● SUPPLIED DATA
· · · · · · ·

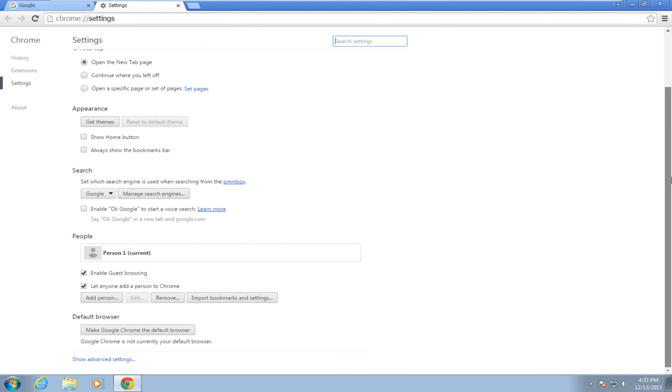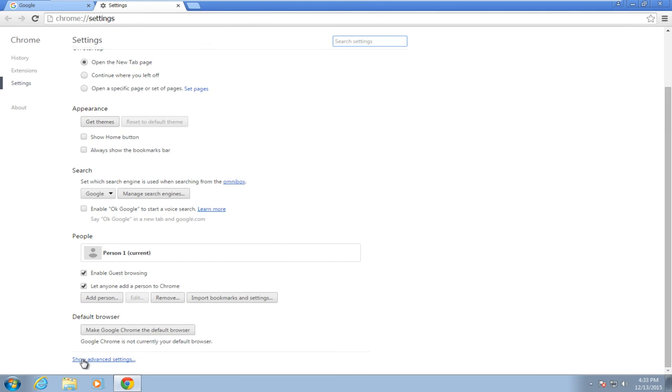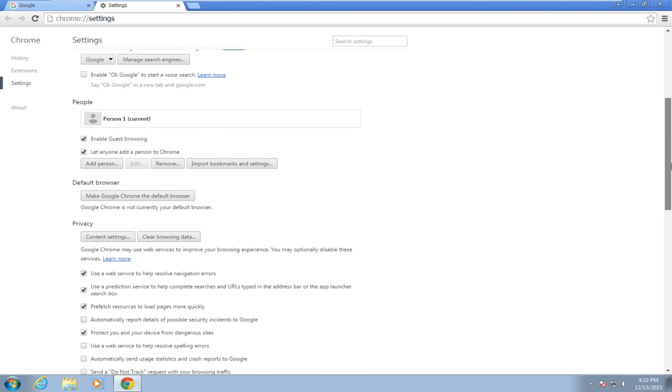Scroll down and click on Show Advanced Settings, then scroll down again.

· · · · · · ·

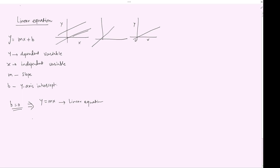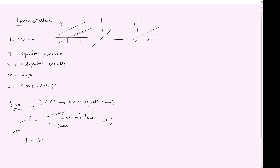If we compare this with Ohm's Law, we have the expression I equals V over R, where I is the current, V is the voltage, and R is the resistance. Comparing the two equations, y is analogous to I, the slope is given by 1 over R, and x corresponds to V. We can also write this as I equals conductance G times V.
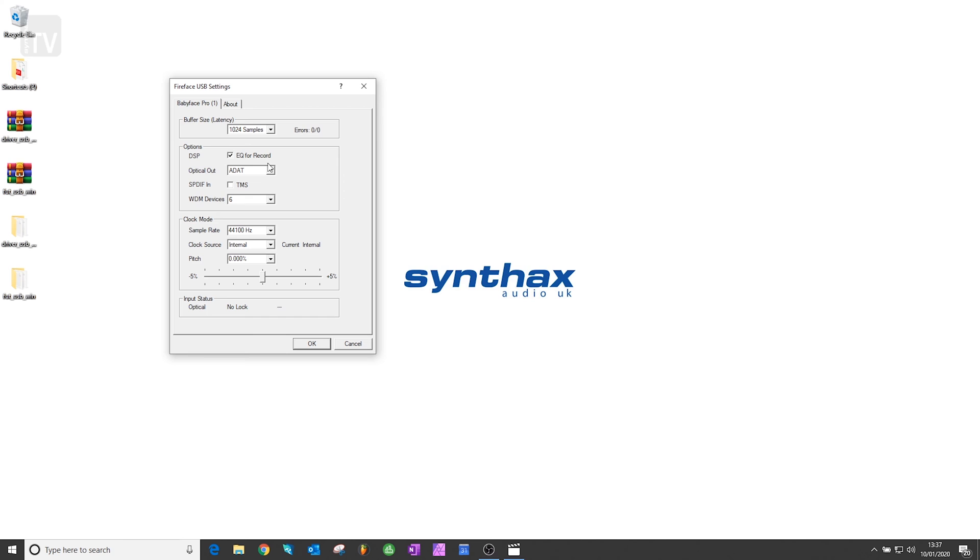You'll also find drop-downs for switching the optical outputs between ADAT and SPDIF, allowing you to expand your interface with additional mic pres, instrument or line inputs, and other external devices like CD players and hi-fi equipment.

· · · · · · ·

● PROBLEM DETAILS
Start at the line containing "If we compare" above and stop at the line containing "You'll also find". Output those lines exactly, both included, but none of the pictures.

● YOUR SOLUTION
If we compare this with Ohm's Law, we have the expression I equals V over R, where I is the current, V is the voltage, and R is the resistance. Comparing the two equations, y is analogous to I, the slope is given by 1 over R, and x corresponds to V. We can also write this as I equals conductance G times V.
You'll also find drop-downs for switching the optical outputs between ADAT and SPDIF, allowing you to expand your interface with additional mic pres, instrument or line inputs, and other external devices like CD players and hi-fi equipment.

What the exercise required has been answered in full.